The meaning of this rule language is clear. Under the conditions specified, rates of pay may be reduced or changed only by agreement between the Carrier management and the Organization's General Chairman. That this Board may not properly require the parties to agree on a bargainable issue, and that we are without authority to increase, decrease, or fix rates of pay in the absence of contractual provisions setting out standards or criteria for so doing is well established. (Cf. Awards 3224, 2734, 3224, 7093, 9508, 10814; Awards 3994, 4187, 4686, 5094, 10620). The sound principle enunciated by these precedential authorities is that the Board has no power or authority under the Railway Labor Act to negotiate rules or agreements; that unless the parties themselves have agreed upon a viable rule or agreement, the Board may not properly write one for them.


Here the controlling rule is specific and unambiguous. It calls for negotiation and agreement. It does not require the Carrier to grant the increase sought: it merely provides that a change in the rate of pay of the position will be negotiated and agreed upon by the specified parties upon a showing of increased duties and responsibilities attaching thereto.


Accordingly, the Board finds no rule support for this claim. It will, therefore, be denied.

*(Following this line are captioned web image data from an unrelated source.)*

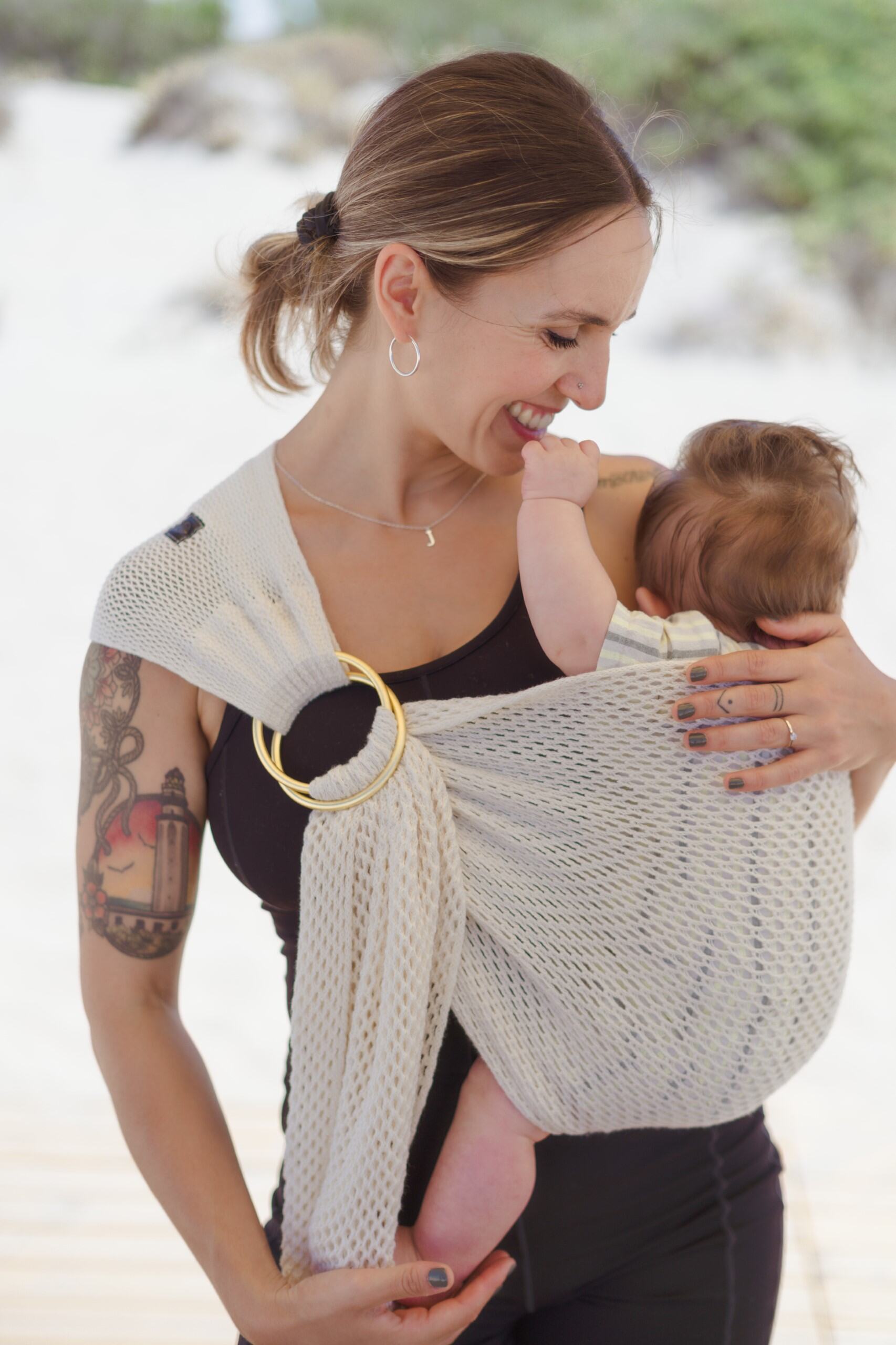 Kangura portabebés Bandolera Portabebé de rejilla Amarsupiel Beige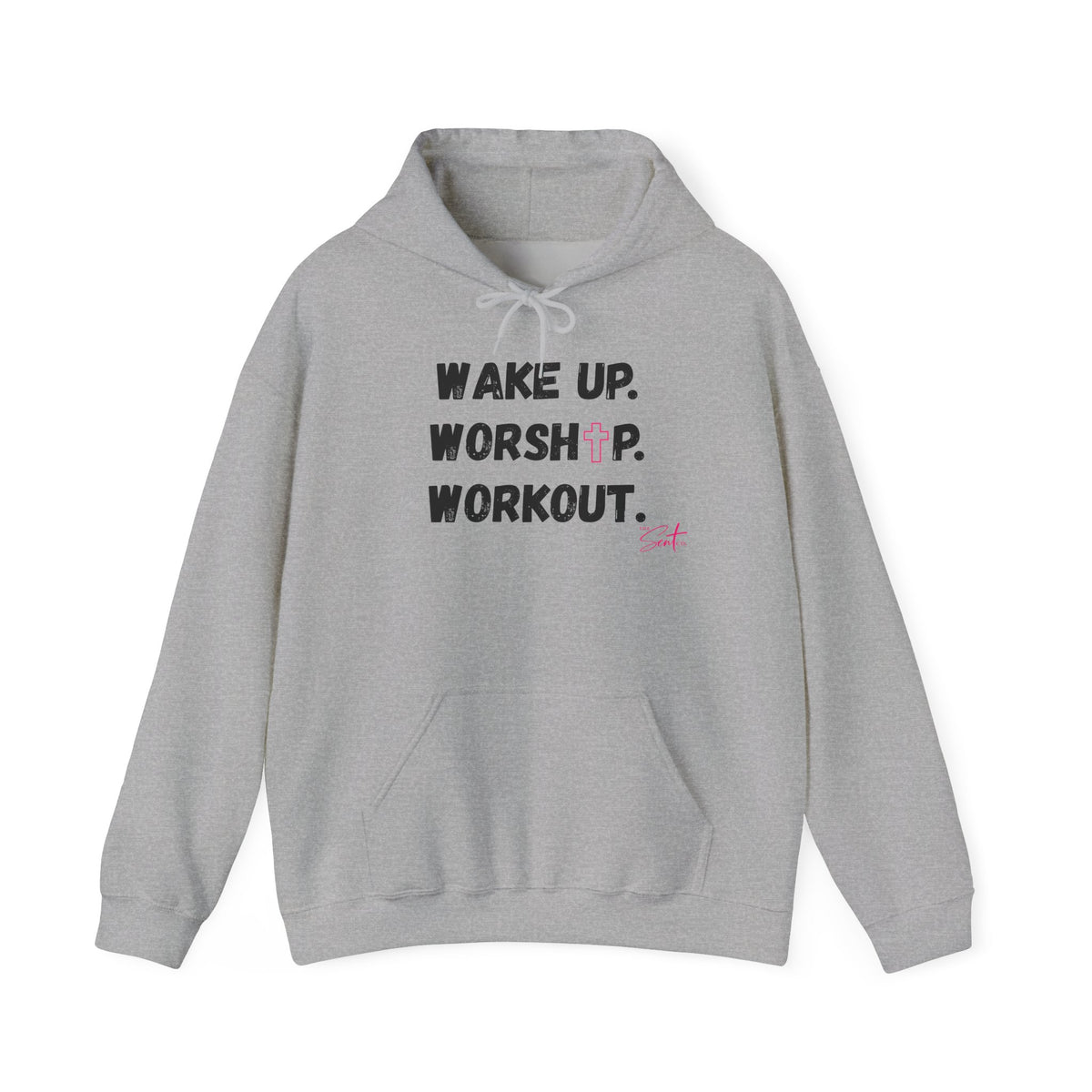Wake Up. Worship. Workout. Hoodie — Faith & Fitness Motivational Pullover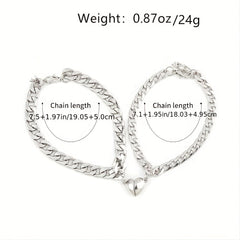 Couple Bracelets Set Magnetic Heart Attraction Bracelets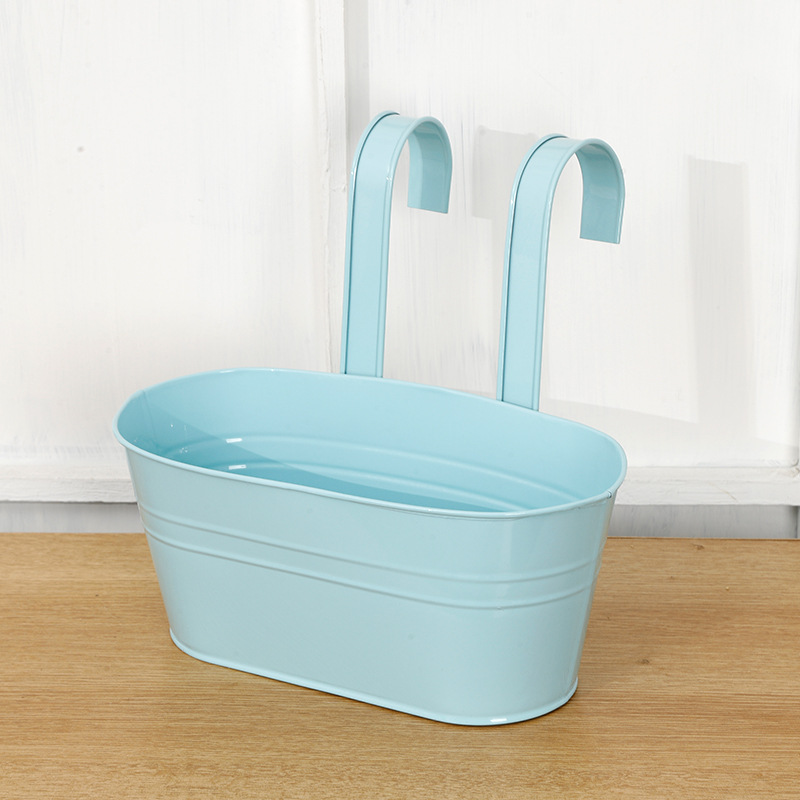 Selección estricta de hierro fundido colgando balcón barril de hierro colgando balcón colgando barril de metal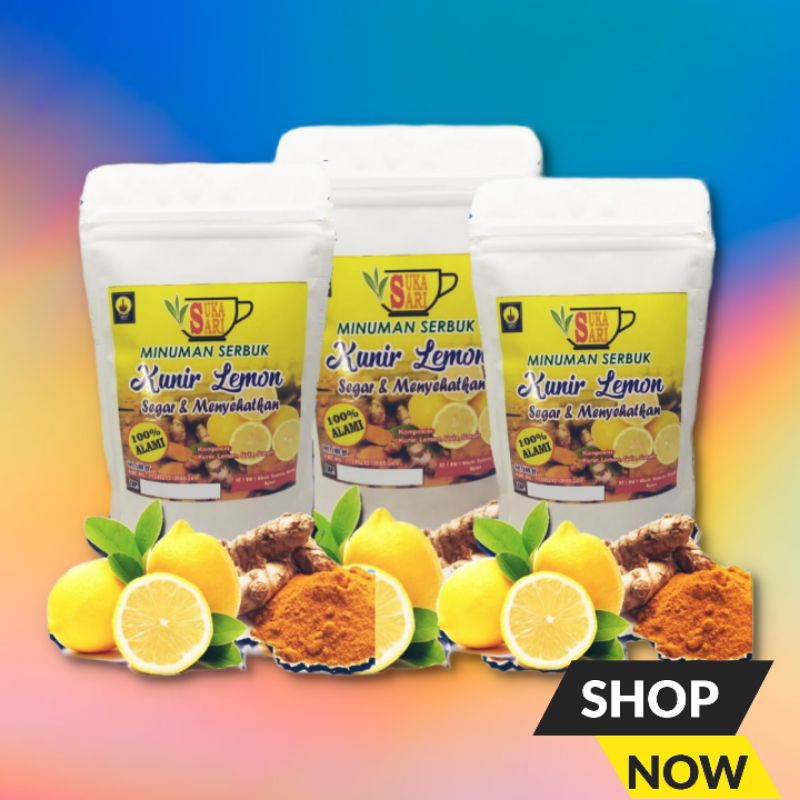 

Kunir Lemon Sukasari Serbuk 100gr | 100% halal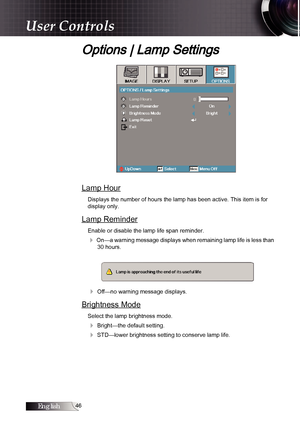 Page 46English
Options | Lamp Settings
Lamp Hour
Displays the number of hours the lamp has been active. This item is for 
display only.
Lamp Reminder
Enable or disable the lamp life span reminder. 
4 On—a warning message displays when remaining lamp life is less than 30 hours.
4 Off—no warning message displays.
Brightness Mode
Select the lamp brightness mode.
4 Bright—the default setting.
4 STD—lower brightness setting to conserve lamp life.
User Controls 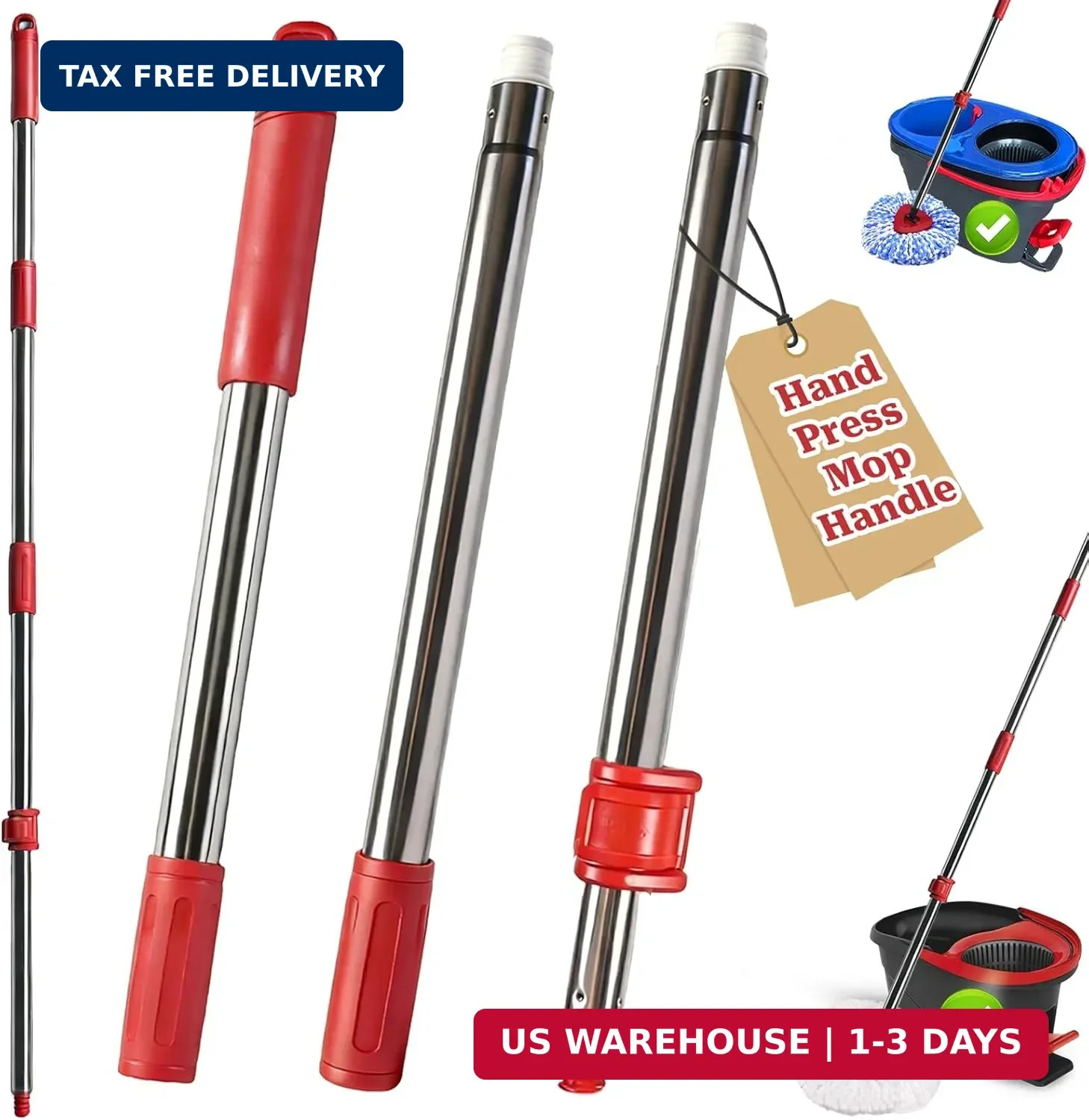 Spin Mop Handle Replacement for Ocedar, Heavy Duty Hand Press Mop Stick Replacem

FINDINGS: The Third Division of the Adjustment Board, after giving the parties to this dispute due notice of hearing thereon, and upon the whole record and all the evidence, finds and holds:


That the Carrier and the Employes involved in this dispute are respectively Carrier and Employes within the meaning of the Railway Labor Act, as approved June 21, 1934;


That this Division of the Adjustment Board has jurisdiction over the dispute involved herein; and


    That the Agreement was not violated.


    AWARD Claim denied.

              NATIONAL RAILROAD ADJUSTMENT BOARD

              By Order of THIRD DIVISION


              ATTEST: S. H. Schulty

              Executive Secretary


Dated at Chicago, Illinois, this 14th day of July 1964.